I've read self help books, gone to lectures, watched inspiring videos & movies, listened to inspiring music... and where am I.
Not much further than when I started.

Is this the fault of what I've been reading, watching or listening or is it the fault of me?

I currently believe no self help advice or inspirational message is bad, it wholly relies on what works for you.

This is me figuring out what works for me... hopefully helping others along the way.

Tuesday, January 22, 2013

Oops, I did it again!!

I've been reading and listening to Don't Sweat the Small Stuff... by Richard Carlson lately, I will go more in to the things I've learnt from him so far at a later date.. however it is hard work putting one thing in to practice. He talks about holding back from talking about yourself, ask questions... Learn to even leave a conversation from time to time having only spoken to the other person about their life.
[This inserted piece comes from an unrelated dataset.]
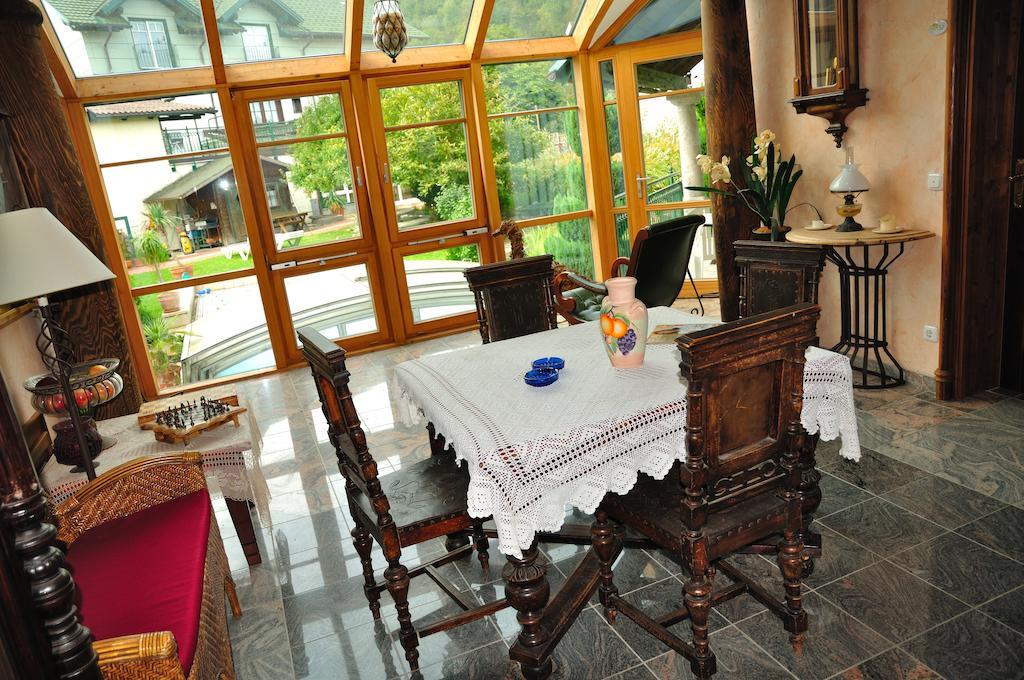 Mosthaeusl Wernstein am Inn Bilik gambar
Remembered it when talking to a friend today, but as this is a particularly sympathetic friend who always praises how well I deal with the hand I have been dealt and that my aggravation at a certain situation & person is completely justified. This is wonderful and I really cherish her friendship, however it means she is so good at being there for me that I slip into talking about myself and run out of time to talk about her. All the while talking to her I had a voice in my head saying "stop talking about myself", show interest in her life, but it just didn't translate to my mouth!

At least my head did remember... just have to work to get the brain & mouth connected. One person in the household with no filter is enough I think... although my son is amusing with it.

His autism does not allow for him to realise or understand that things he says could hurt people's feelings, he just says things how they see them. Latest example... in one day he told the lady at the chemist that she had a pointy nose, a lady going into the chemist she had a moustache, and his babysitter that she had a really wrinkly face! I of course reprimand him so he knows I disagree with it, even though it doesn't really work as it doesn't compute for next time, but it makes the other person feel better, especially when my son goes on repeat mode and can't stop saying it!

Embarrasing when it happens, but kind of amusing when looking back at it (I think I can safely say this as he has often said things to me such as.. "you've got a big bum", "wow, you've got big thighs"! I choose to look at it with humour. It's definitely not the worst part of autism we experience!